Vitek-Lab · tonywu1999 · Nov 4, 2025 · Nov 4, 2025 · Nov 4, 2025 · Nov 4, 2025
diff --git a/NAMESPACE b/NAMESPACE
@@ -18,9 +18,11 @@ importFrom(RCy3,mapVisualProperty)
 importFrom(RCy3,setVisualStyle)
 importFrom(grDevices,colorRamp)
 importFrom(grDevices,rgb)
+importFrom(httr,GET)
 importFrom(httr,POST)
 importFrom(httr,add_headers)
 importFrom(httr,content)
+importFrom(httr,status_code)
 importFrom(jsonlite,fromJSON)
 importFrom(jsonlite,toJSON)
 importFrom(r2r,hashmap)

diff --git a/R/getSubnetworkFromIndra.R b/R/getSubnetworkFromIndra.R
@@ -30,6 +30,9 @@
 #' @param force_include_other character vector of identifiers to include in the
 #' network, regardless if those ids are in the input data. Should be formatted
 #' as "namespace:identifier", e.g. "HGNC:1234" or "CHEBI:4911".
+#' @param filter_by_curation logical, whether to filter out statements that
+#' have been curated as incorrect in INDRA.  Default is FALSE.
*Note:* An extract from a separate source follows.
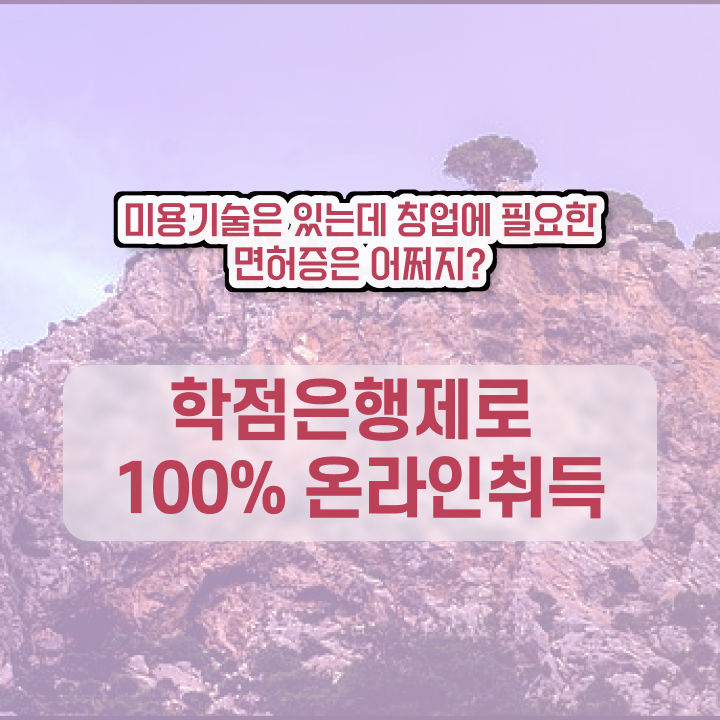  미용종합면허증 발급 , 최단기간에 종합미용면허 자격증 이렇게 따면 되요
+#' @param api_key string of INDRA API key for accessing curated statements.
 #'
 #' @return list of 2 data.frames, nodes and edges
 #'
@@ -53,11 +56,13 @@ getSubnetworkFromIndra <- function(input,
                                    correlation_cutoff = 0.3,
                                    sources_filter = NULL,
                                    logfc_cutoff = NULL,
-                                   force_include_other = NULL) {
+                                   force_include_other = NULL, 
+                                   filter_by_curation = FALSE, 
+                                   api_key = "") {
     input <- .filterGetSubnetworkFromIndraInput(input, pvalueCutoff, logfc_cutoff, force_include_other)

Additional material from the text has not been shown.